Isaïe a cependant aussi quelques mots durs : nous étions desséchés, nos belles actions étaient comme des vêtements salis, nos crimes nous emportaient… Rappelons que par son premier péché, l’homme avait perdu la plénitude de la Grâce ; Adam avait perdu la vision directe de Dieu ; dans son choix il avait entraîné avec lui toute la lignée humaine, transmettant par la génération elle-même quelque chose de l’orgueilleuse rébellion qui fut à l’origine de l’apparition du Mal dans la création. 

Les Patriarches, le roi David, les Prophètes, tous les fidèles d’Israël attendaient avec grande nostalgie l’Eau purificatrice, l’Eau baptismale, qui devait nous rouvrir le chemin de la Grâce, de l’intimité avec Dieu. Le psaume 79 exprime cette attente, appelant intensément la venue du “fils de l’homme” ó il manque sans doute la majuscule ó comme Jésus aimera se nommer Lui-même dans l’Evangile. 

Aux Chrétiens de Corinthe, l’apôtre Paul écrit quelque chose de plus important encore. Cette première épître, nous en lirons de larges extraits en janvier et février prochains. Aujourd’hui, le message de l’apôtre veut nous rappeler que c’est en Christ que Dieu a accordé tant de grâces salvifiques à cette communauté, cette Eglise qui est à Corinthe. Une communauté de frères à qui saint Paul n’épargnera pas quelques reproches solennels, mais qui sont et restent pour lui ceux qu’il a “engendrés dans le Christ Jésus” (1Co 4:15). Il ne s’arrête pas à la venue “historique” de Jésus-Christ, qui est désormais passée depuis une quinzaine d’années quand il écrit à ces nouveaux Chrétiens. Rappeler la venue de Jésus, célébrer Noël, est une bonne chose, mais le vrai culte divin n’est pas un souvenir du passé ; c’est un appel à toujours tendre vers la seconde Venue de Jésus, son dernier avènement, quand s’instaurera Son Règne définitif, à la fin des temps.
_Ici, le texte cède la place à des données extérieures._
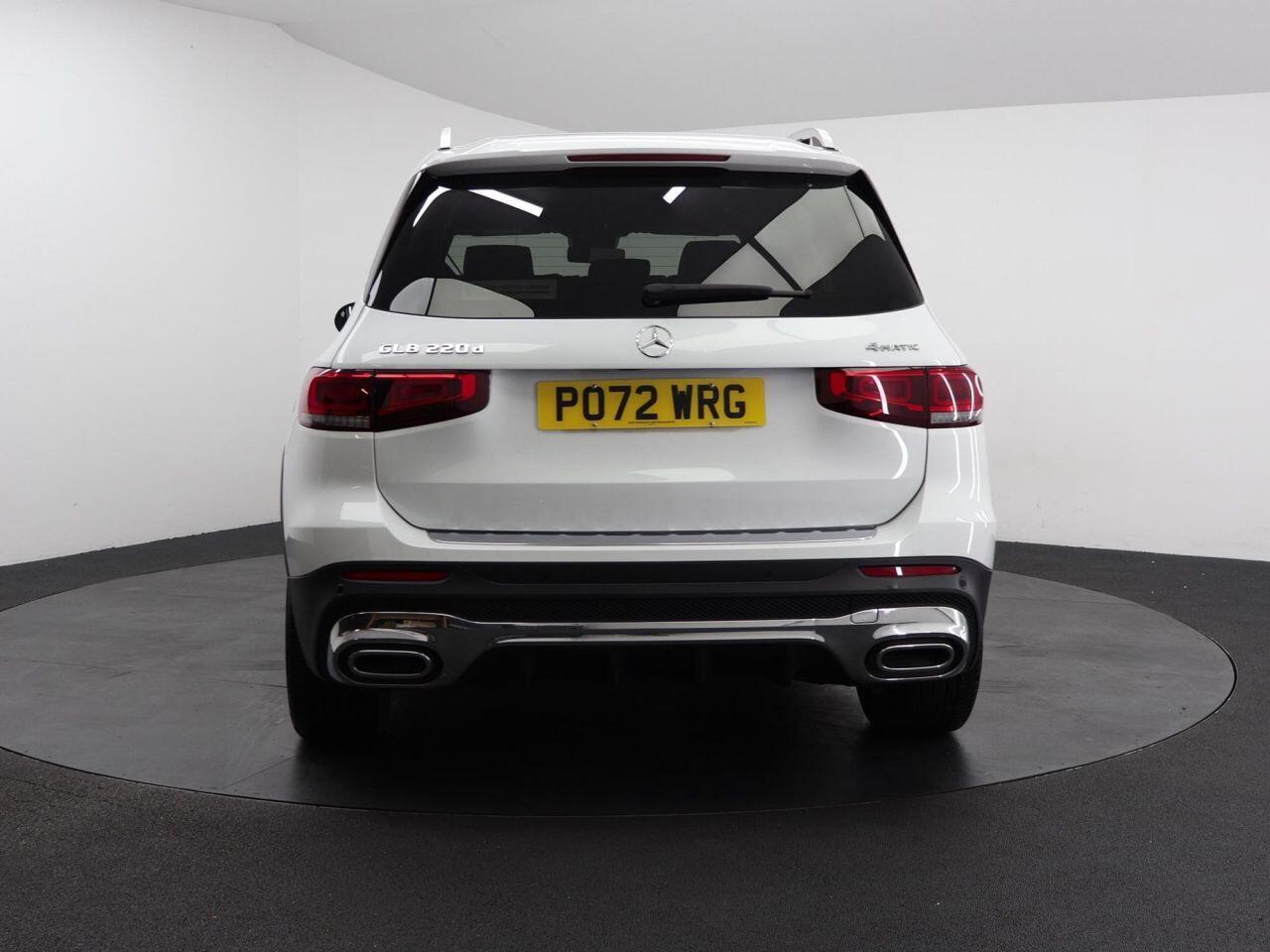 Mercedes-benz GLB - Image 11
Quelle triste religion serait en effet celle qui consisterait uniquement à “se souvenir” d’un passé : à quoi donc tendrait notre “espérance” ? Israël avait l’espérance du Sauveur, mais Celui-ci une fois venu, l’espérance ne devait pas être abolie pour autant. Historiquement parlant, la venue du Sauveur fut l’immense Joie de la réalisation des prophéties ; bienheureux furent ceux qui reçurent Jésus ! Mais ensuite, après eux, et jusqu’à nous, et jusqu’à la fin des temps, quelle est notre espérance ?
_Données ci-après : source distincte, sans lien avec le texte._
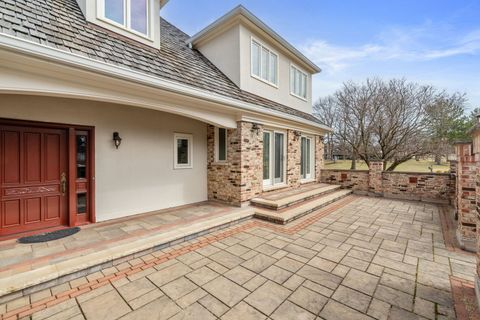 Tiny photo for 719 Midwest Club Parkway, Oak Brook, IL 60523 (MLS # 12558959)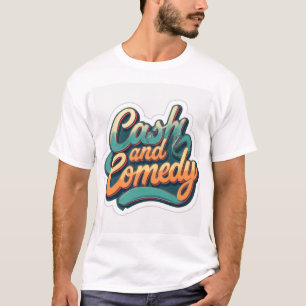 Oberteile & T-Shirts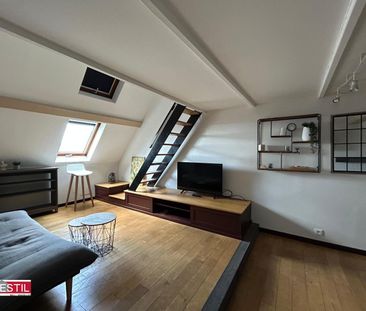 Appartement 1 pièces de 29 à Pontoise - Photo 3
La réponse est ce que nous rappelle Jésus dans le court extrait d’aujourd’hui : “Vous ne savez pas quand le maître de la maison reviendra… Veillez !” Après sa venue historique, Jésus doit continuer de venir dans le cœur de chaque homme, à chaque moment. Jésus doit continuer de venir dans mon cœur, en moi, à chaque instant de ma vie. Sans cesse je dois faire en sorte que naisse Jésus, non plus dans une crèche glaciale, mais dans la chaleur de mon cœur, avec un vibrant et ardent amour pour Lui. Voilà pour répondre à l’invitation pressante : Veillez !

Mais désormais, nous continuons d’attendre Jésus pour cette Autre venue, à la fin des temps. La “venue” de Jésus est toujours présentée en même temps que son “retour”, car Jésus “vient” à chaque instant de la vie de l’homme ; Il vient quand l’homme est baptisé, Il vient quand l’homme se repent, Il vient quand on Le reçoit dans l’Eucharistie, Il vient quand on le cherche dans l’Ecriture, Il vient “quand deux ou trois sont réunis en (son) Nom”, Il vient quand un défunt Lui rend son âme, Il vient enfin quand, à la consommation de ce siècle, arrive le moment de Son Règne éternel définitif.

Il viendra, certainement, et nous ne pourrons pas l’éviter, ni dire “un peu plus tard”, ou bien “je vais réfléchir”, ou bien “je voudrais encore faire ceci, cela…” Nous avons quelques années devant nous, un temps extrêmement court et instantané, suffisant tout juste pour nous préparer à cette Rencontre, pour hâter la venue du royaume définitif de Jésus Christ, ce Royaume de Paix que nous avons célébré dimanche dernier en la solennité du Christ Roi.

Viens, Seigneur Jésus ! (Ap. 22:20).